Supply a custom StoreBackend implementation to use persistent storage or ANN (approximate nearest neighbor) libraries for large indexes:

const dedup = createDeduplicator({
  embedder: myEmbedder,
  store: myCustomStore, // implements StoreBackend interface
});

API Reference

createDeduplicator(options: DedupOptions): MemoryDedup

Factory function that creates a new deduplicator instance. The embedder option is required; all other options have sensible defaults.

Options:

| Option | Type | Default | Description | |---|---|---|---| | embedder | (text: string) => Promise<number[]> | required | Function that returns an embedding vector | | threshold | number | 0.90 | Cosine similarity threshold for semantic duplicates | | exactThreshold | number | 0.98 | Cosine similarity threshold for exact duplicates | | relatedThreshold | number | 0.75 | Cosine similarity threshold for related entries | | mergePolicy | string \| function | 'keep-newest' | How to handle detected duplicates (see Merge Policies) | | store | StoreBackend | InMemoryStore | Custom storage backend (see Custom Store Backend) |

import { createDeduplicator } from 'memory-dedup';

const dedup = createDeduplicator({
  embedder: async (text) => { /* return number[] */ },
  threshold: 0.90,
  mergePolicy: 'keep-newest',
});

MemoryDedup Instance Methods

check(entry: MemoryEntry): Promise<DedupResult>

Check whether an entry is a duplicate of any existing entry in the index. Does not modify the index -- the entry is not added. Runs the full dedup pipeline: normalize, hash, embed, search, classify.

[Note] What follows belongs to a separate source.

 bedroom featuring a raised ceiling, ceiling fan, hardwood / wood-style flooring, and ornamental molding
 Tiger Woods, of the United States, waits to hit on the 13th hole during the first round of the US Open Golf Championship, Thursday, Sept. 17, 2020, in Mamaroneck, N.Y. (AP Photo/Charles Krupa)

const result = await dedup.check({ id: 'e1', content: 'User likes coffee' });

Returns a DedupResult:

| Field | Type | Description | |---|---|---| | classification | 'exact_duplicate' \| 'semantic_duplicate' \| 'related' \| 'unique' | Classification tier | | matchId | string \| undefined | ID of the best-matching existing entry | | similarity | number \| undefined | Cosine similarity with the best match | | hashMatch | boolean \| undefined | true if matched via content hash (no embedding call needed) | | durationMs | number | Wall-clock time for the check in milliseconds |


add(entry: MemoryEntry): Promise<AddResult>

Add an entry to the index with automatic deduplication. Runs the full dedup pipeline. If the entry is a duplicate, the configured merge policy is applied. If unique, the entry is added to the index.

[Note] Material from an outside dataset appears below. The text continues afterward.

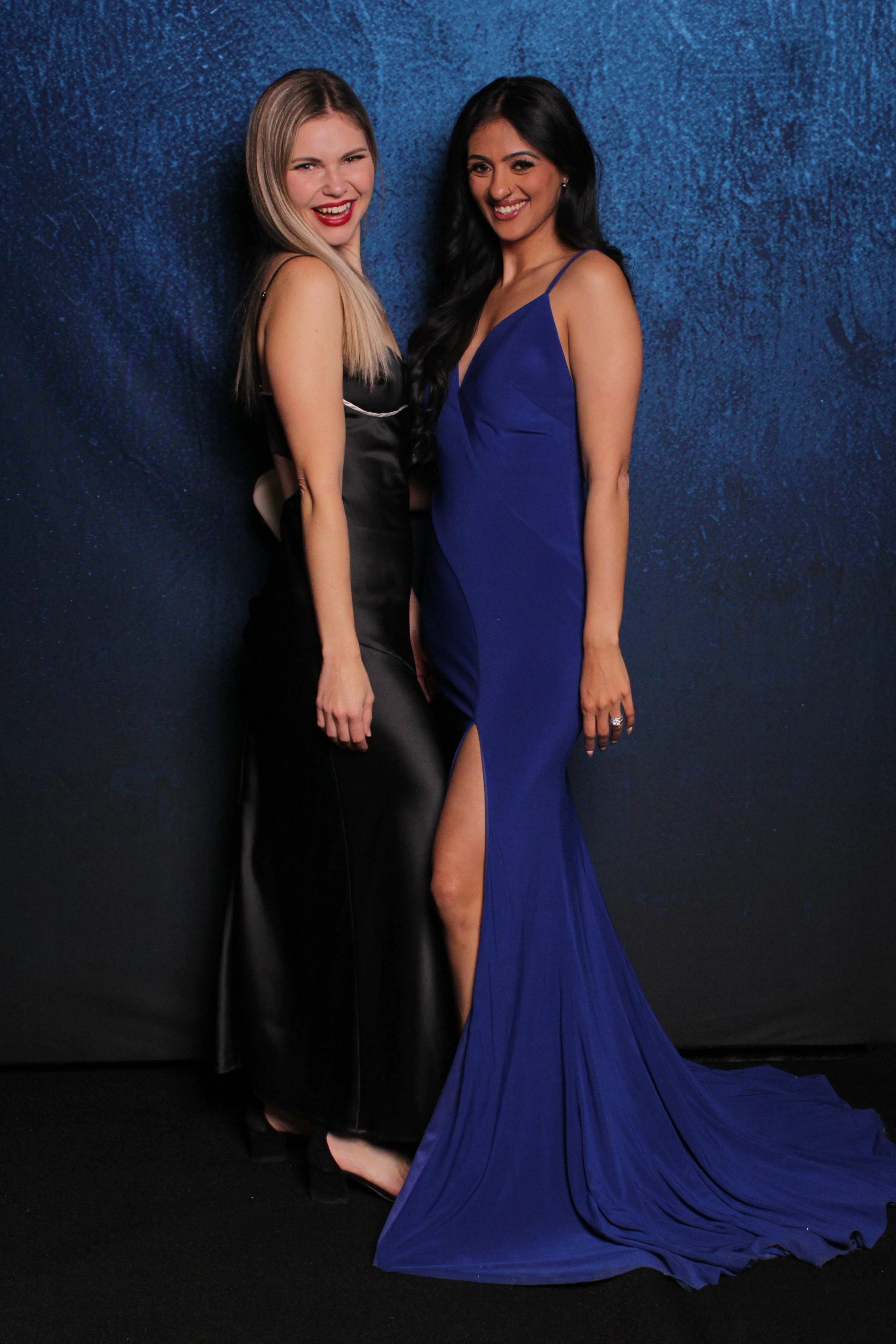 Two women dressed in elegant gowns posing together against a dark blue textured background, smiling at the camera.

const result = await dedup.add({
  id: 'e2',
  content: 'User enjoys coffee',
  metadata: { confidence: 0.9 },
});

Returns an AddResult (extends DedupResult):

| Field | Type | Description | |---|---|---| | action | 'added' \| 'merged' \| 'skipped' | Action taken | | survivorId | string \| undefined | ID of the surviving entry after merge | | evictedId | string \| undefined | ID of the evicted entry after merge |


addBatch(entries: MemoryEntry[]): Promise<BatchResult>

Add multiple entries with automatic deduplication. Entries are processed sequentially; each entry is checked against the index which includes previously added entries from this batch.

const batch = await dedup.addBatch([
  { id: 'e1', content: 'User likes tea' },
  { id: 'e2', content: 'User enjoys tea' },
  { id: 'e3', content: 'Server runs on port 3000' },
]);

Returns a BatchResult:

| Field | Type | Description | |---|---|---| | results | AddResult[] | Per-entry results in input order | | totalProcessed | number | Total entries processed | | uniqueAdded | number | Number of unique entries added | | duplicatesFound | number | Number of duplicates found and merged/skipped | | durationMs | number | Wall-clock time for the batch operation |


sweep(): Promise<SweepResult>

Scan all entries in the index for duplicate pairs using O(n^2) pairwise comparison. Applies merge policies to detected duplicates. Run periodically as a background cleanup task, or after loading entries from an external store.

const result = await dedup.sweep();

Returns a SweepResult:

| Field | Type | Description | |---|---|---| | duplicatePairs | Array<[string, string]> | Pairs of duplicate entry IDs | | duplicateCount | number | Number of duplicate pairs found | | evictedCount | number | Number of entries evicted by merge policies | | evictedIds | string[] | IDs of evicted entries | | totalScanned | number | Total entries scanned | | durationMs | number | Wall-clock time for the sweep |


compact(): Promise<CompactResult>

Aggressive deduplication with clustering. Extends sweep() by grouping related entries into clusters using union-find before merging within each cluster.

const result = await dedup.compact();

Returns a CompactResult (extends SweepResult):

| Field | Type | Description | |---|---|---| | clustersFound | number | Number of clusters formed | | mergedCount | number | Number of entries merged |


getEntries(): MemoryEntry[]

Returns all entries currently in the index.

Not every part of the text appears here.